Given data:
Assume \(100 \,\text{g}\) of solution.
Mass of HNO\(_3\) in 100 g solution = \(69 \,\text{g}\).
Molar mass of HNO\(_3\) = \(1 + 14 + 3 \times 16 = 63 \,\text{g mol}^{-1}\).
Number of moles of HNO\(_3\) in \(69 \,\text{g}\):
\[ n = \frac{69}{63} \approx 1.095 \,\text{mol} \]
Density \( \rho = \dfrac{\text{mass}}{\text{volume}} \Rightarrow \text{volume} = \dfrac{\text{mass}}{\rho} \).
\[ V = \frac{100 \,\text{g}}{1.41 \,\text{g mL}^{-1}} \approx 70.92 \,\text{mL} \]

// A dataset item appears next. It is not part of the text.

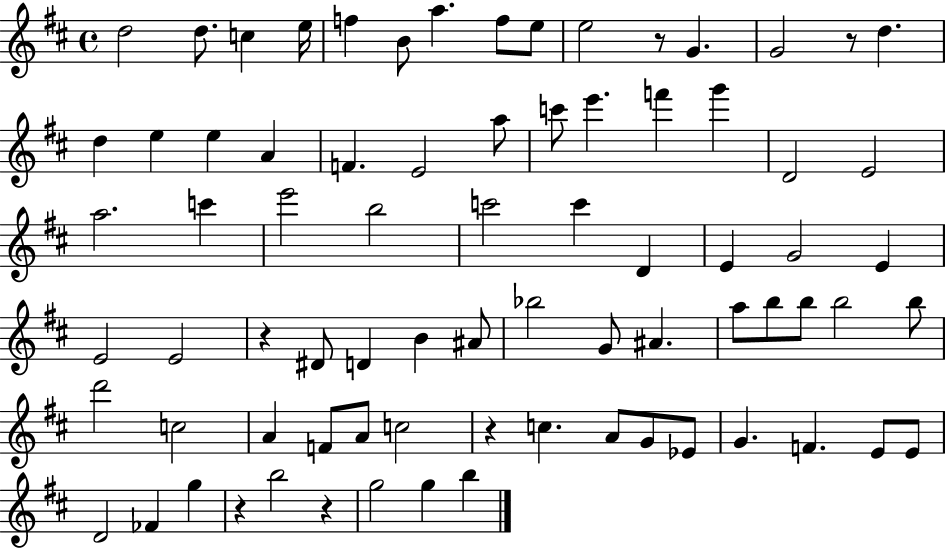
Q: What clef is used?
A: treble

\[ 70.92 \,\text{mL} = 70.92 \times 10^{-3} \,\text{L} = 0.07092 \,\text{L} \]
Molarity \(M\) is given by \( M = \dfrac{\text{moles of solute}}{\text{volume of solution in L}} \).
\[ M = \frac{1.095}{0.07092} \approx 15.4 \,\text{mol L}^{-1} \]
The concentration of nitric acid in the sample is approximately 15.4 mol L\(^{-1}\).